2024-11-07 21:56:04,792 [INFO] 4011309 accept_thing after_accept MESSAGE: {'_format': 'v02',
         '_deleteOnPost': {'new_subtopic', 'new_relPath',  'subtopic', 'new_baseUrl', '_matches', 'new_file','new_dir', 'topic',  '_format', 'exchange',  'local_offset','ack_id', '_mask',  'post_format'},
         'sundew_extension': 'from_ncp_sr3:CWVH:SA:3:Direct:20241107215558',
         'from_cluster': 'DDSR.CMC',
         'to_clusters': 'ALL',
         'filename': 'msg_ddsr-WXO-DD3_e4560dd2ba53ef1494e213c6995a430e:from_ncp_sr3:CWVH:SA:3:Direct:20241107215558',
         'source': 'anonymous',
         'mtime': '20241107T215559.357',
         'atime': '20241107T215559.357',
         'pubTime': '20241107T215559.357',
         'baseUrl': 'https://hpfx.collab.science.gc.ca',
         'relPath': '/20241107/WXO-DD/bulletins/alphanumeric/20241107/SA/CWVH/21/SACN64_CWVH_072200__CWVH_22403',
         'subtopic': ['20241107',
         'WXO-DD',
         'bulletins',
         'alphanumeric',
         '20241107',
         'SA',
         'CWVH',
         '21'],
         'identity': {'method': 'md5',
         'value': 'zURjP9URWmCPwJ3lIurDSw=='},
         'size': 81,
         'exchange': 'xpublic',
         'topic': 'v02.post.20241107.WXO-DD.bulletins.alphanumeric.20241107.SA.CWVH.21',
         'ack_id': {'delivery_tag': 260,
         'channel_id': 2,
         'connection_id': 'cf075757-7abf-46ad-a213-e494afd4cf55_sub',
         'broker': 'hpfx.collab.science.gc.ca:5671//'},
         'local_offset': 0,
         '_matches': <re.Match object; span=(0,123),  match='https://hpfx.collab.science.gc.ca/20241107/WXO-DD>,
-->     '_mask': ('.*SACN.*', '/tmp/hpfx_amis/', 'DESTFN=fdsa', re.compile('.*SACN.*'), True, False, 0, False, '/', ['stuffhere']),
         'new_dir': '/tmp/hpfx_amis',
         'new_file': 'fdsa',
         'post_format': 'v03',
         'new_baseUrl': 'https://hpfx.collab.science.gc.ca',
         'new_relPath': 'tmp/hpfx_amis/fdsa',
         'new_subtopic': ['tmp',
         'hpfx_amis']}
petersilva commented 2 weeks ago

oh that's cool... not what I thought, but that looks fine.
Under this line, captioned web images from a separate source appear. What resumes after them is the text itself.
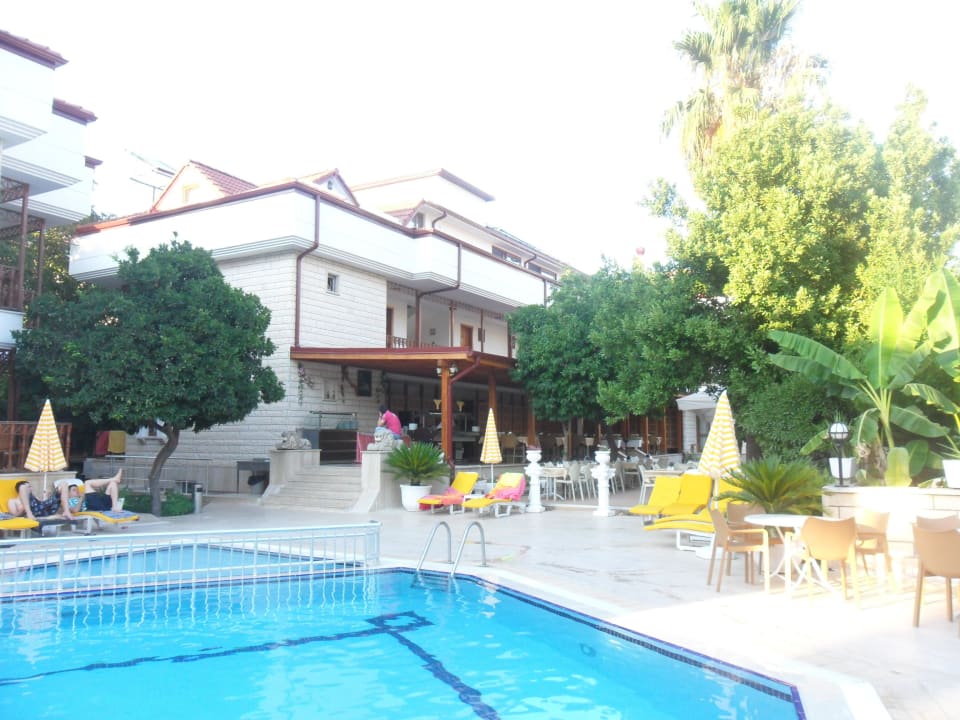 Blick über den Pool auf das Hotel Hotel Felice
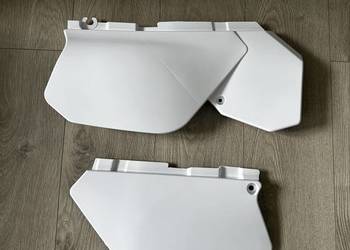 Yamaha DT 125 R – tylne owiewki (przedlift) 1988–2003 – NOWE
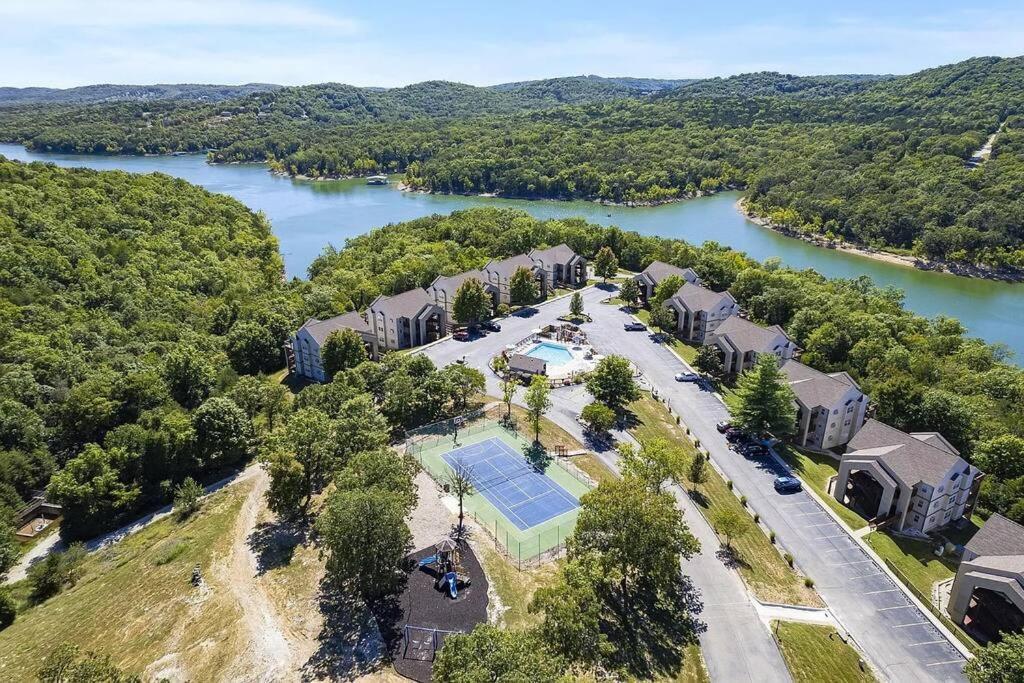 Modern Comfort: Updated Cozy Condo In Indian Point แบรนสัน ภายนอก รูปภาพ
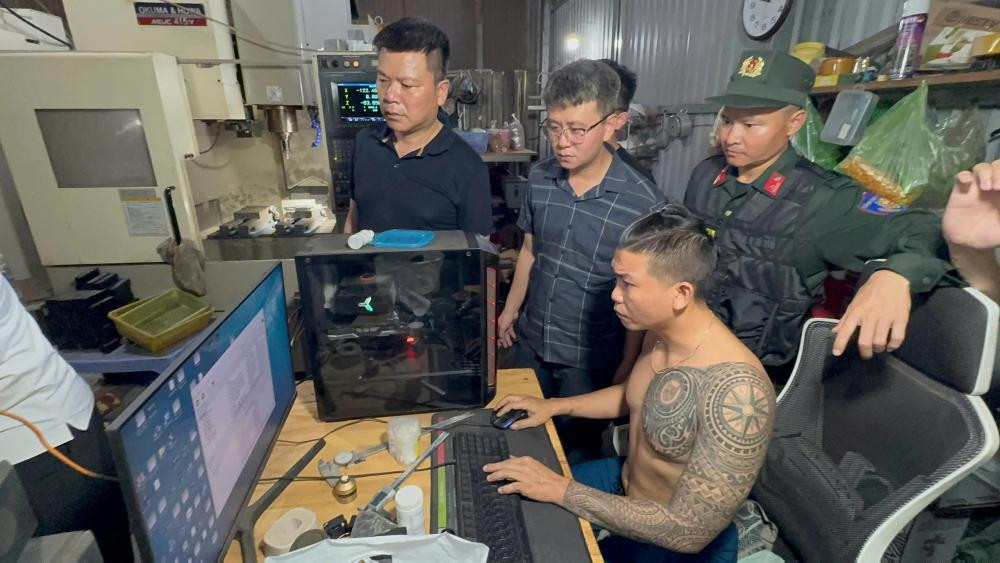 Phát hiện 2 xưởng cơ khí bí mật chế tạo vũ khí quân dụng, bán cả nghìn đơn hàng- Ảnh 1.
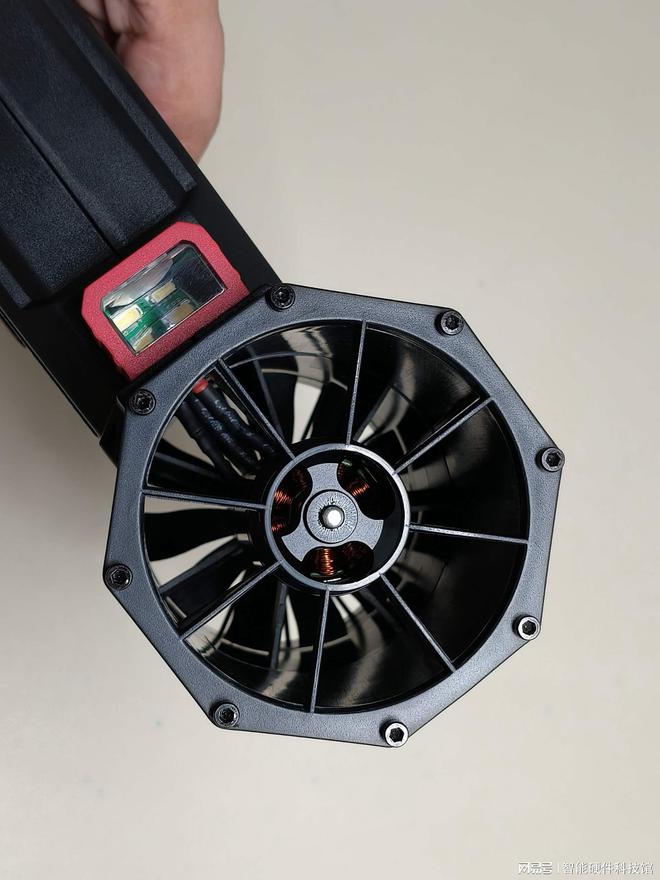 何为无刷涵道电机？菠萝君无刷暴风锤PK有刷涡轮风扇谁值得买？(图9)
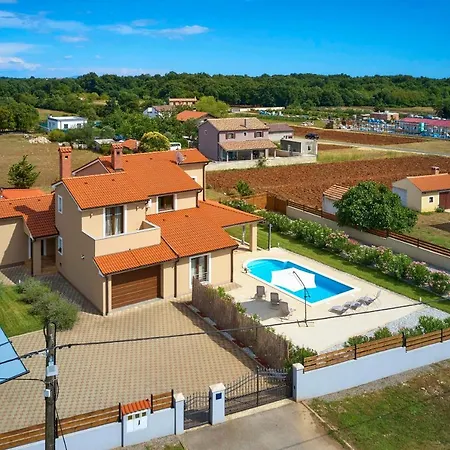 Villa Bartona For 8 Persons With Private Swimmingpool Pula Exteriér fotografie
The thing I would worry about is what happens when persisting (retry queues.) typically complex types are hard to serialize into JSON.

That's the only worry I would have...

petersilva commented 2 weeks ago

Also... you probably want varsub() to happen... so ${this} or ${that} gets evaluated also... (should test to see if it is or isn't already.)

reidsunderland commented 22 hours ago

I can't believe it was already 2 weeks ago when I was working on this. Variable substitution does already work 🎉

I need to test the retry queues.

accept .*CACN.* something=anotherthing 12345 another_thing=123 varsub=${BROKER_USER}

from sr3 show:

'masks': ["accept .*CACN.* into /tmp/hpfx_amis/ with mirror:False filename:None args:['something=anotherthing', '12345', 'another_thing=123', 'varsub=anonymous']",
reidsunderland commented 22 hours ago

Saving to the DiskQueue also works fine, because we're using jsonpickle.

In the diskqueue file:

"_mask": {"py/tuple": [".*CACN.*", "/tmp/hpfx_amis/", null, {"py/object": "re.Pattern", "pattern": ".*CACN.*"}, true, false, 0, false, "/", ["something=anotherthing", "12345", "another_thing=123", "varsub=anonymous"]]},

After being restored from diskqueue:

'_mask': ('.*CACN.*',
         '/tmp/hpfx_amis/',
         None,
         re.compile('.*CACN.*'),
         True,
         False,
         0,
         False,
         '/',
         ['something=anotherthing',
         '12345',
         'another_thing=123',
         'varsub=anonymous']),
petersilva commented 15 hours ago

looking good for a PR then, I guess!